Versioned Log Stream Merkle Tree
:warning: This repository is a work in progress and is not production ready :construction:
- Versioned Log Stream Merkle Tree is an authenticated key-value store optimized for large-scale use.
- Origin: LETUS (See DMM-Trie plus VDLS).
Objectives
- Authentication: provide commitment (state root) and inclusion proofs for key-value pairs.
- Multi-version: track and provide authenticated historical states.
- Performance: minimize I/O amplifications of the underlying storage.
Architecture
Tree Structure
- The current design utilizes a 16-way trie as Merkle Tree.
- Each leaf node records:
- $V$ the data version.
- $k$ the key.
- $l$ the location of the node in the underlying storage.

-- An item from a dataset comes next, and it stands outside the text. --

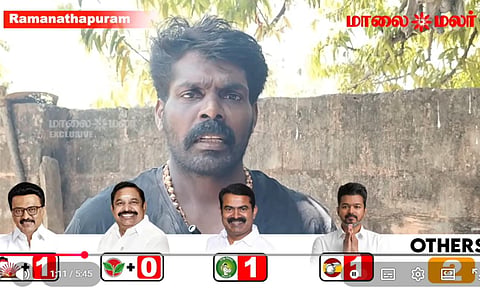 ராமநாதபுரத்தில் எந்தக் கட்சி முதலிடம்... மக்கள் கருத்து!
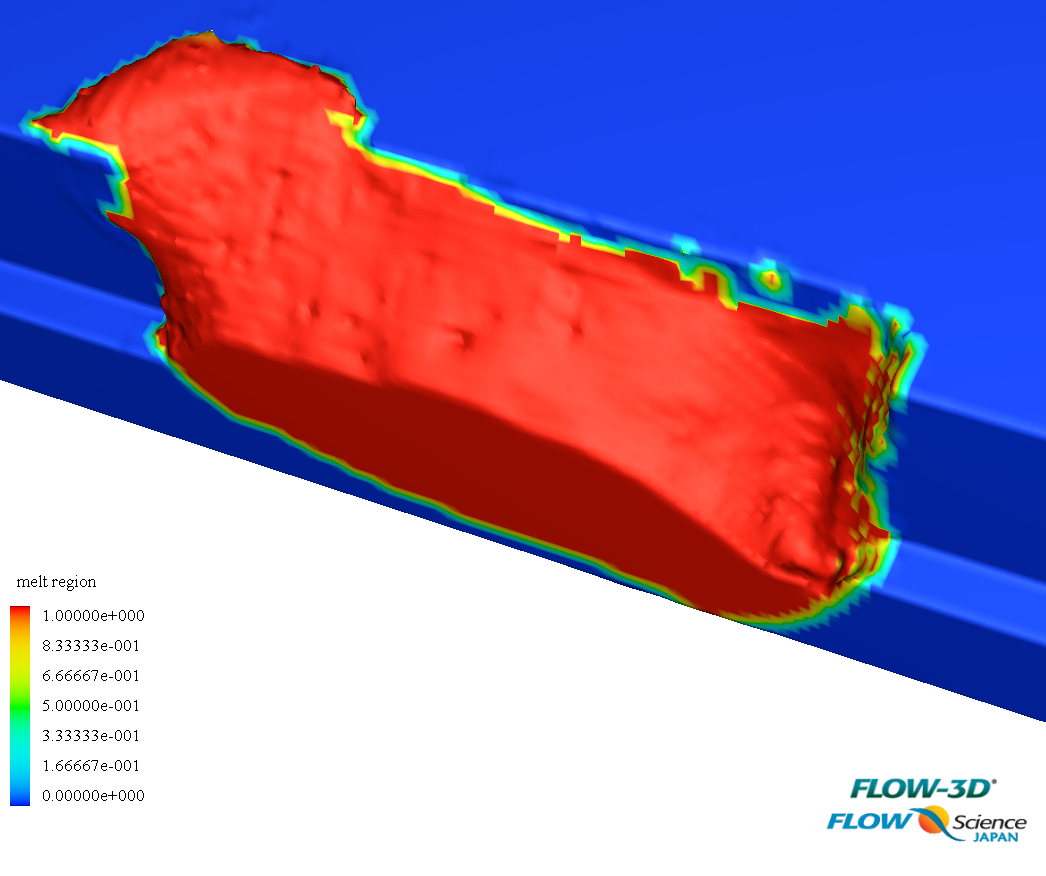溶融領域（CASE1）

- $h = H(k, v)$ the Merkle hash of this node.
- Each index node maintains 16 slots and a bitmap $b$ to indicate whether a slot is not empty.
- Occupied slots record data version $V_c$, Merkle hash $h_c$, and a memory reference $r$ of its child node.
- The Merkle hash of an index node is computed after concatenating the Merkle hash of its child nodes.
- The root hash of the VLSM tree is recursively calculated with the child nodes.
- Nodes are routed via 4-bit nibbles, with multiple nibbles spliced to form a nibble path.
- Nibbles are derived from $H(k)$'s prefix to ensure balance and resistance to attacks.
- The VLSM tree structure is deterministic given a set of key-value pairs, as the splitting and merging of VLSM tree nodes depend solely on the nibbles.
- The root hash is, therefore, deterministic by the dataset, regardless of the order of the updates.
Multi-Versioning
- VLSM tree supports data multi-versioning by maintaining the data version $V$ in each node and allows queries of value data, root hash, and Merkle proof for each version.
- $V$ is a comparable 64-bit integer, such as a block number or transaction number.
- When data is updated, the $V$ and Merkle hash $h$ of the nodes along the vertical path from root to leaf need to be updated.
- Redirect-on-write (RoW) is employed to optimize memory usage, which prevents multi-versioned data structures from copying unnecessary data.
- Although historical versions are necessary for auditability and verification of data changes, they are generally infrequently accessed.
- The storage engine should skew resources, such as memory, towards the latest versions to accelerate transaction processing.